Steven Pavlos Holmes, Independent Scholar

“Facing the Change: Personal Encounters with Global Warming” by Steven Pavlos Holmes.  On Amazon for about ten bucks or Kindle.  I ordered a used paperback, my usual standard.  I had thought that this climate change was moving slowly enough that at 75 years old, I would be gone.  I don’t have children.  Now it appears that the beginning has already begun.  Just not this snowstorm, not even this dust storm, and the snowpack on the Rockies is “normal”-and-above for the time period in which we’ve been keeping records.  But there are other things to consider.

An Australian fire whirl

If something drowns Bangladesh, if something forces an Alaskan fishing village to move, if something caves off the sides of mountains and changes the intensity of cyclones in Kansas and turns Australia into a holocaust -- it changes me, too, because everything is connected.  This is grain country and we know that the profit of our grain depends on the world climate -- not just in terms of rain and sun, but also in terms of politics.  What happens to the Ukraine happens to our wheat elevators.   The markets are the same. 

One of the first responses is to compensate by evading expensive regulations, particularly when owners are faraway (not in physical danger) and workers are local (in danger), which is the case with many of the services in our area.


“A Minnesota-based agriculture company was fined $211,000 by federal safety regulators who said Wednesday it had repeatedly failed to ensure workers weren't exposed to grain-dust hazards in Montana.
“CHS Inc. was cited by the Occupational Safety and Health Administration for 19 workplace safety violations at grain elevators in Cut Bank, Glendive, Denton and Valier. A company spokeswoman said CHS will challenge the violations.
“Three were repeat violations, including failing to test the air quality in work spaces for potentially explosive grain dust, hazardous gases or lack of oxygen, regulators said.
“Dust from grain in elevators is considered highly combustible and can be more explosive than coal dust, Funke said.
“Fourteen of the violations alleged against CHS were classified as serious, meaning there was a substantial probability of a worker death or injury.”

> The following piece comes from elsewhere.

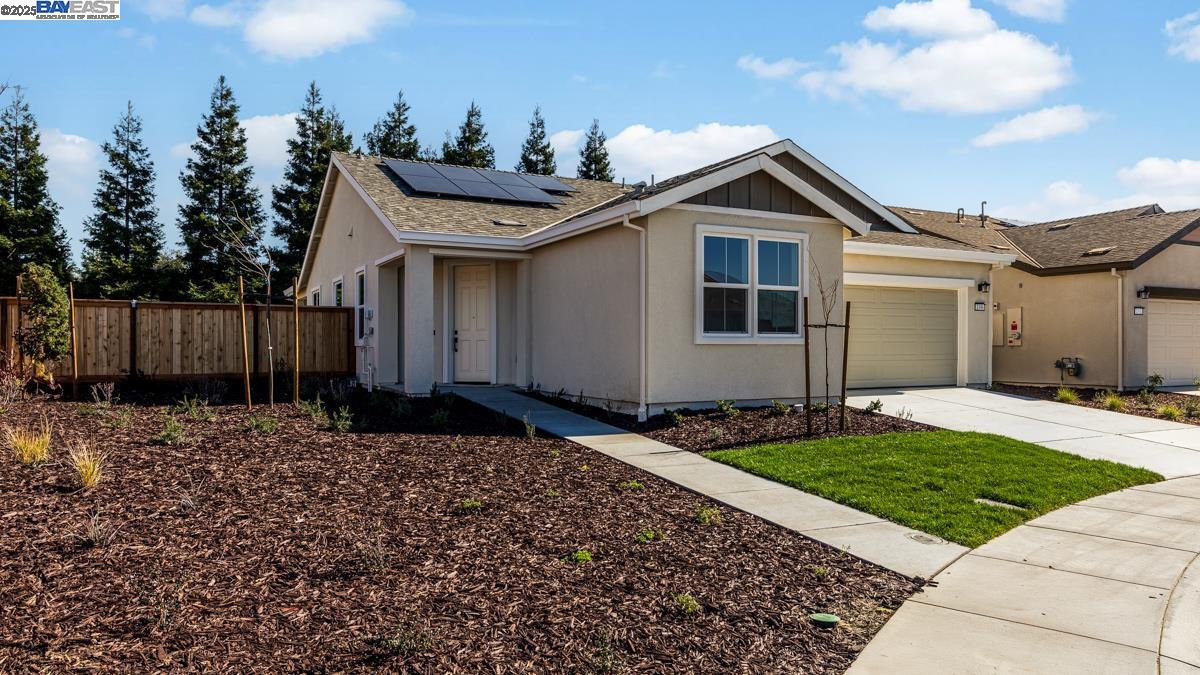 Detail Gallery Image 2 of 25 For 1396 Crescent Ave, Manteca,  CA 95336 - 2 Beds | 2 Baths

Another consequence is a deepening wedge between two demographics in a state where liberal populations are concentrated in the scenic and university towns and conservative people are spread across the rural landscape.  So there are climate rallies to support clean-energy in 13 communities today: Bigfork, Billings, Bozeman, Columbia Falls, Great Falls, Hamilton, Helena, Kalispell, Lame Deer, Missoula, Pablo, Red Lodge and Whitefish.  NOT Cut Bank, Glendive, Denton and Valier.  (The rumor that a coal company arranged for this snowfall is only a bitter joke.)  

From my point of view it's a very interesting development that the Native American people, who have been scorned in small town settings but championed by universities and environmentalists, are now arriving at a position where they can provide payback politically.  Consider the impact on negotiations over irrigation water rights to Birch Creek, which divides Valier from the Blackfeet Reservation.  Consider frakking.  Consider wind farms.


Prom tonight -- then what?

As is often remarked, the only real constant is constant change and as grain farmers know, life is always a trade-off between givens and surprises.  Culture can foster collaborative changes in attitude or it can ignite wars.  Both are happening.  This is not a simple squabble over where to set the planetary thermostat.